Il corpo di Franca Ganassi sotto un lenzuolo
Il corpo di Franca Ganassi sotto un lenzuolo

Reggio Emilia, 14 maggio 2020 - "Perdonarlo è una parola grande. Ma la morte no, quella non la auguro a nessuno. Neppure a lui. Ma è giusto che paghi per ciò che ha fatto...".
Sono le parole di Ester Ganassi, 76 anni, sorella di Franca Silvana, una dei due familiari rimasti in vita assieme all’altra sorella Anna di 78 anni (che abita a Scandiano). Era ormai rassegnata. La notizia del ritrovamento dell’assassino è come una sorta di liberazione. "Ora andrò al cimitero di Rondinara, dove riposa mia sorella, per darle un po’ di sollievo...".
Ester, giustizia è fatta?
"Sì, lo possiamo dire finalmente. Quando sono venuti due giorni fa (tre, ndr ) i carabinieri davanti alla mia porta (vive a Masone, ndr ) per darmi la notizia dell’arresto, mi sono sentita sollevata. E mi sono commossa dalla contentezza. Mi è tornato in mente tutto il dolore patito in questi anni. Io quel giorno di 15 anni fa non ebbi neppure il coraggio di guardare il suo corpo di mia sorella. Mi hanno detto che fosse martoriato... Voglio ringraziare di cuore i carabinieri, sono stati gentilissimi e siamo sempre rimasti in contatto in questi anni. Non hanno mai smesso di cercare...".
Avevate perso le speranze?
"Dopo tanti anni svaniscono. Purtroppo abbiamo avuto altro a cui pensare, non siamo stati neppure a continuare la battaglia mettendo in mezzo avvocati o altro... Mio marito è morto e sono sola. L’altra mia sorella Carla è scomparsa a gennaio. Aveva dei problemi e abbiamo tribolato tanto, anche Anna non sta bene. Questa notizia è un lampo di gioia dopo un brutto periodo".
Il presunto assassino rischia la pena di morte in Marocco. Lei è d’accordo?
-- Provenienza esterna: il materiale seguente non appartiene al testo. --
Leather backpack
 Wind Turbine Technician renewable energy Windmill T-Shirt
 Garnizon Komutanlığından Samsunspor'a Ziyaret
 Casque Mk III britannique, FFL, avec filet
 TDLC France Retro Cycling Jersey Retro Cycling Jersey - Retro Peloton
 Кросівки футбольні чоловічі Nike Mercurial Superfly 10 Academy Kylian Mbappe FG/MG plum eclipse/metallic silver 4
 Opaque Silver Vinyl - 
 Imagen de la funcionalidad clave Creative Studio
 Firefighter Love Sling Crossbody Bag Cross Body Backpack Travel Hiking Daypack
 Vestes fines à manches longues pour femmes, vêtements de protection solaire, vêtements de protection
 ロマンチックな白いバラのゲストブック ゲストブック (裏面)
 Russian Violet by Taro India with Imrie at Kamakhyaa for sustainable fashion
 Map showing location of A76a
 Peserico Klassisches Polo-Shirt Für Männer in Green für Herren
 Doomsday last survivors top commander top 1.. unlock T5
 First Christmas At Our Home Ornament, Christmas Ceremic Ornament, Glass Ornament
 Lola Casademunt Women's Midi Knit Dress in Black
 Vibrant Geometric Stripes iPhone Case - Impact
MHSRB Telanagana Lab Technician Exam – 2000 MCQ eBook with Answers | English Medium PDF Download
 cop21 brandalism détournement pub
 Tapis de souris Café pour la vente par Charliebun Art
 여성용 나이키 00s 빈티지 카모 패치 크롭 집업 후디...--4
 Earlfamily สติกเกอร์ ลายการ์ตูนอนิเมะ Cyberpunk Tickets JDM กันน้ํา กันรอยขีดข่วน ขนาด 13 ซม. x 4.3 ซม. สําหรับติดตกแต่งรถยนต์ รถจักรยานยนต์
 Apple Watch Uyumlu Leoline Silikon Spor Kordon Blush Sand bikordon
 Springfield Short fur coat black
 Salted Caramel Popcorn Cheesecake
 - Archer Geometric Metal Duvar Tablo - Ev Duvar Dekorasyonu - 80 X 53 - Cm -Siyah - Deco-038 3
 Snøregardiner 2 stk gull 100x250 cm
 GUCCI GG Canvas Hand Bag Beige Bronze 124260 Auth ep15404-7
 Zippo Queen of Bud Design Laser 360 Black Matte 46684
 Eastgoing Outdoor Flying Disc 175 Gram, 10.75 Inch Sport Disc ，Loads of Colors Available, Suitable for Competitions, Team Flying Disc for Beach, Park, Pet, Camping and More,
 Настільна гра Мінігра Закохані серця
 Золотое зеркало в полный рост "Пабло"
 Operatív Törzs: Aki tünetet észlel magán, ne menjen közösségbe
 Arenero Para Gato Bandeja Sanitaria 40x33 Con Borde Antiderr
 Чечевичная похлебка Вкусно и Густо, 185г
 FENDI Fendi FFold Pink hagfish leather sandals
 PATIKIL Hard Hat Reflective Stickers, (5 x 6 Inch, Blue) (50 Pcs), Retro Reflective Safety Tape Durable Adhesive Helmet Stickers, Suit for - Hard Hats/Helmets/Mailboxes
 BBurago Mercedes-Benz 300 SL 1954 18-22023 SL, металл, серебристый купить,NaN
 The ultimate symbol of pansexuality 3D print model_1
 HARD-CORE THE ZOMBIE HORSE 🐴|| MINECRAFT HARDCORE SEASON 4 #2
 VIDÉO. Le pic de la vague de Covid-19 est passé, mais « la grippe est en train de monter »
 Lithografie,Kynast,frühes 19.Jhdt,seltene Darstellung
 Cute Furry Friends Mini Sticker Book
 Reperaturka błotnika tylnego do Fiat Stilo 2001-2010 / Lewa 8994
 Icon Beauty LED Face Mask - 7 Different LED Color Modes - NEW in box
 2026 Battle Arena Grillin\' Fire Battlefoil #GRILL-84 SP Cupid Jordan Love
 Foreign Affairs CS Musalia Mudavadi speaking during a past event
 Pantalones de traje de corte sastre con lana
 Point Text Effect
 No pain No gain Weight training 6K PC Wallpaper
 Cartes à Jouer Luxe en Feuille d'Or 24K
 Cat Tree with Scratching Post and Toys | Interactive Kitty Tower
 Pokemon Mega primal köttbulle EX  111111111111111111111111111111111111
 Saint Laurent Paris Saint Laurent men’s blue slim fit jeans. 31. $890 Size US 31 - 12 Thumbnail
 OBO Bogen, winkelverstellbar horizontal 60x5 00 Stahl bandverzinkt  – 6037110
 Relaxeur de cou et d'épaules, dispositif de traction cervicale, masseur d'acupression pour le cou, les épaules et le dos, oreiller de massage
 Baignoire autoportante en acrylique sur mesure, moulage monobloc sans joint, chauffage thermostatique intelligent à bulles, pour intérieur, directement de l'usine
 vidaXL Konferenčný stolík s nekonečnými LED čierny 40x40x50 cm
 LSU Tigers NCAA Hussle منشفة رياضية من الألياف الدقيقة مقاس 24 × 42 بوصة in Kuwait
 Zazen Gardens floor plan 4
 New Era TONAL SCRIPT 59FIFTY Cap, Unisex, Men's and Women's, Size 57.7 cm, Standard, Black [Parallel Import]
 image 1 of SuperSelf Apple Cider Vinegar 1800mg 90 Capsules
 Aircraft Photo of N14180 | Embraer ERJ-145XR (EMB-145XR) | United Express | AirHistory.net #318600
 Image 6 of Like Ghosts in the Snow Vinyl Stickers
"Siamo sempre stati una famiglia molto credente e cattolica. Credo sia giusto che abbia la condanna che meriti, ossìa l’ergastolo. Ma ucciderlo no. Questo no, perché non riporterebbe in vita mia sorella e non si risolverebbe nulla. Ma paghi per quel che ha fatto".
Da fervente cristiana, potrebbe mai perdonarlo?
"Non so... (lungo sospiro, ndr ). Perdono è una parola molto grande. La prima cosa che ho chiesto ai carabinieri è se quest’uomo avesse famiglia. Mi spiace umanamente per i suoi figli, per sua moglie. Se fosse possibile vorrei anche guardarlo negli occhi e parlargli. Solo allora potrei decidere se perdonarlo, per capire se è pentito. Ma se è una persona che ha fatto del male non solo a mia sorella, allora è importante che venga assicurato alla giustizia".